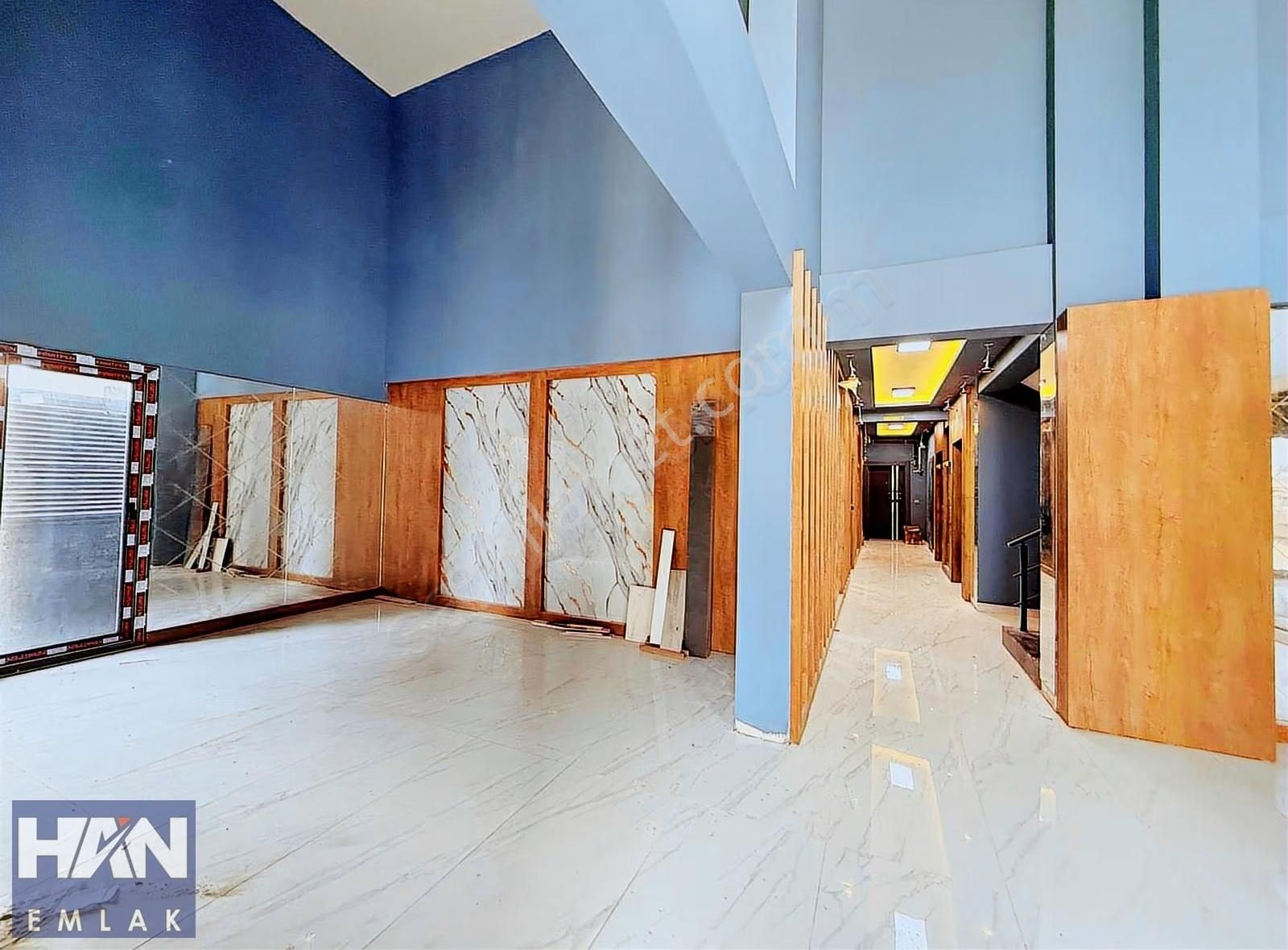 Han Emlak'tan Eski Mezitli De Devlet Hastahanesi Civarı 2+1 - Görsel 7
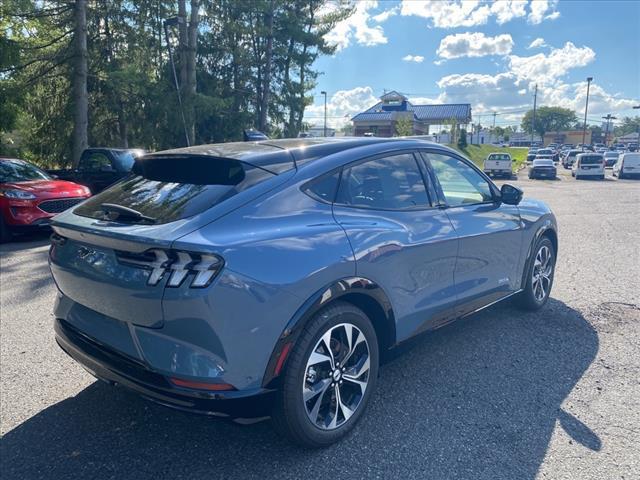 new 2023 Ford Mustang Mach-E car, priced at $63,035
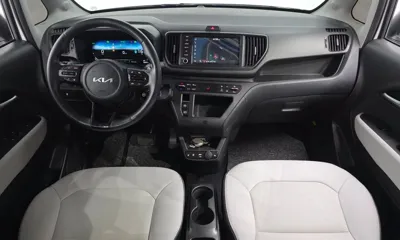 Kia Ray 2025, 36957 км, за 14918.57 USD - фото 7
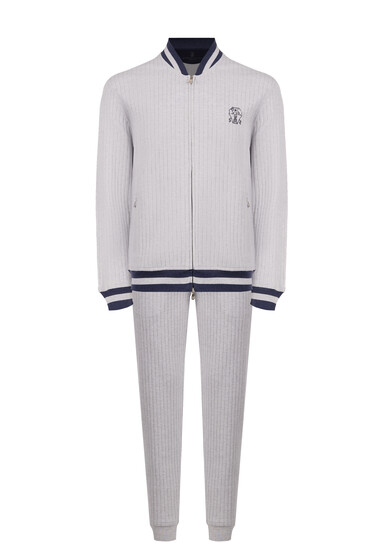 Костюм BRUNELLO CUCINELLI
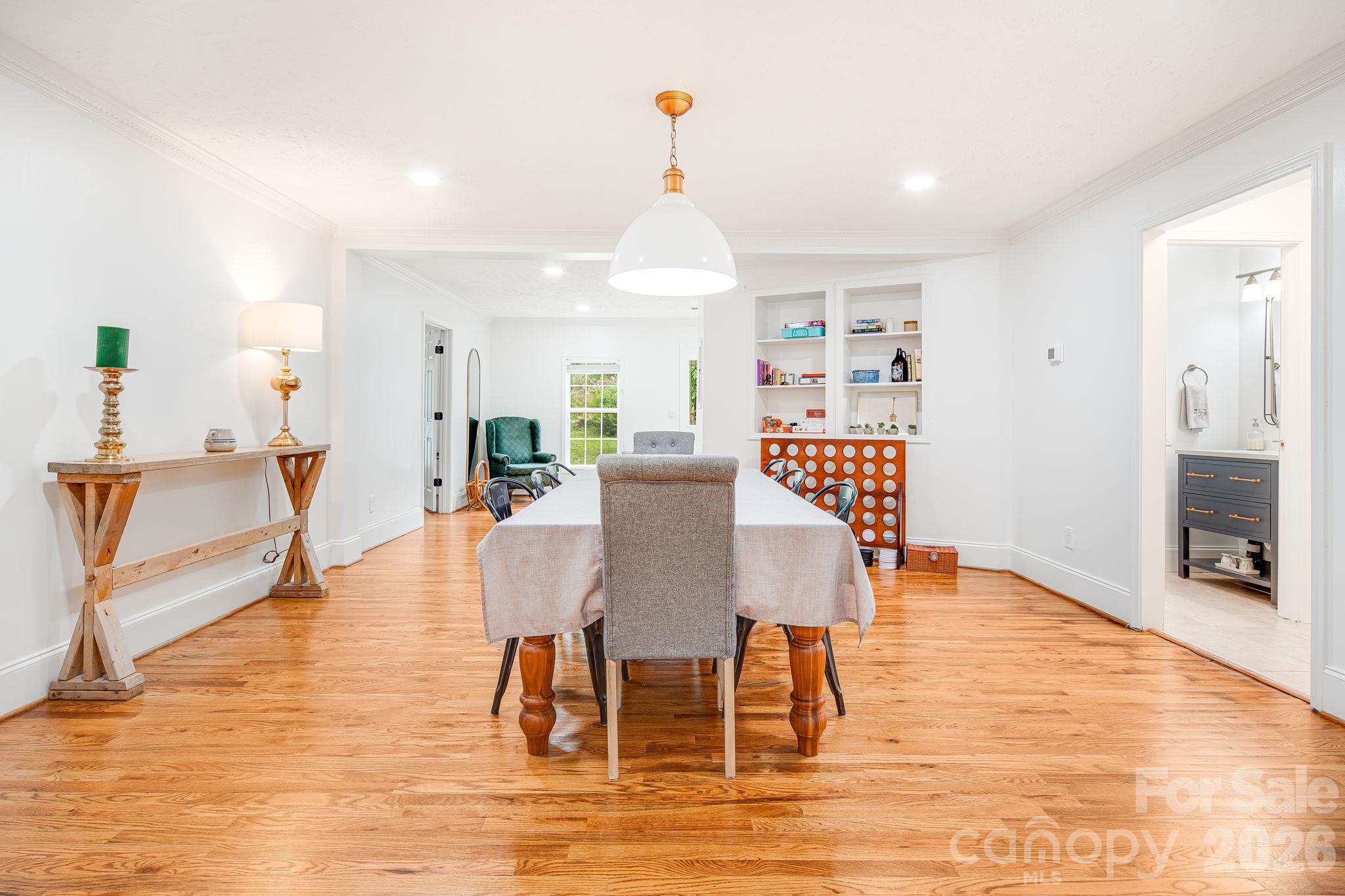 101 Mcfalls Road Property Photo 8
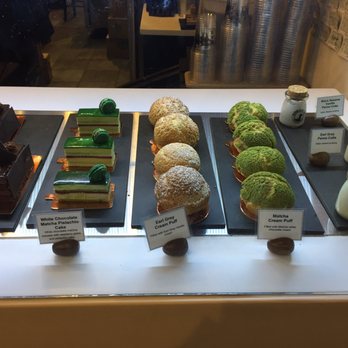 Bibble & Sip - Coffee & Tea Near Me - New York, New York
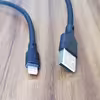 کابل تبدیل USB به لایتنینگ وکو مدل WE - 31 طول 1 متر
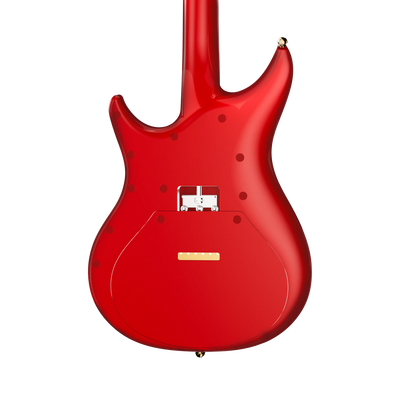 Đàn Guitar Enya Inspire Pro SD - Seymour Duncan-Enya Music Việt Nam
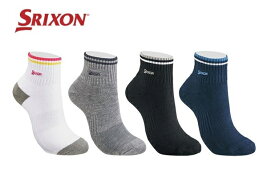 【送料無料】2020 ★ダンロップDUNLOP ★スリクソンSRIXON ★ゴルフ 　レディス ショートソックス　★SWO0450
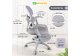 Детское кресло Ergokids Air Tronix c подлокотниками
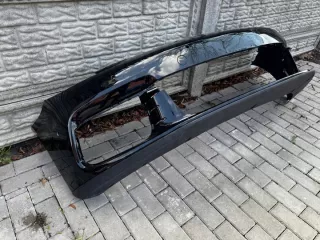 971807541 Бампер передний Porsche Panamera 971 Арт e11641563, вид 4
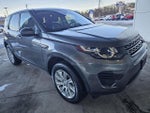 2017 Discovery Sport Thumbnail 7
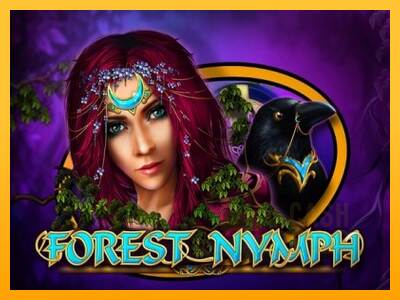 Forest Nymph macchina da gioco per soldi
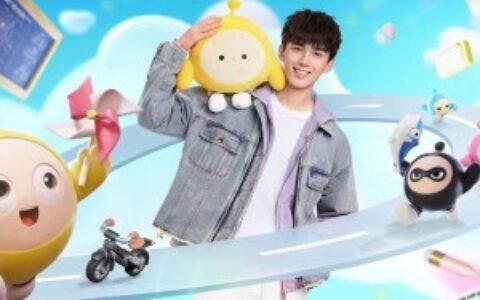 《蛋仔派对》深挖代言人价值，呈现代言营销新玩法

----------

Transcribe exactly, and only, the lines from the one with "Đàn Guitar Enya" through the final line of the data above. The pictures stay out.

 Đàn Guitar Enya Inspire Pro SD - Seymour Duncan-Enya Music Việt Nam
 【送料無料】2020 ★ダンロップDUNLOP ★スリクソンSRIXON ★ゴルフ 　レディス ショートソックス　★SWO0450
 Детское кресло Ergokids Air Tronix c подлокотниками
 971807541 Бампер передний Porsche Panamera 971 Арт e11641563, вид 4
 2017 Discovery Sport Thumbnail 7
 Forest Nymph macchina da gioco per soldi
 《蛋仔派对》深挖代言人价值，呈现代言营销新玩法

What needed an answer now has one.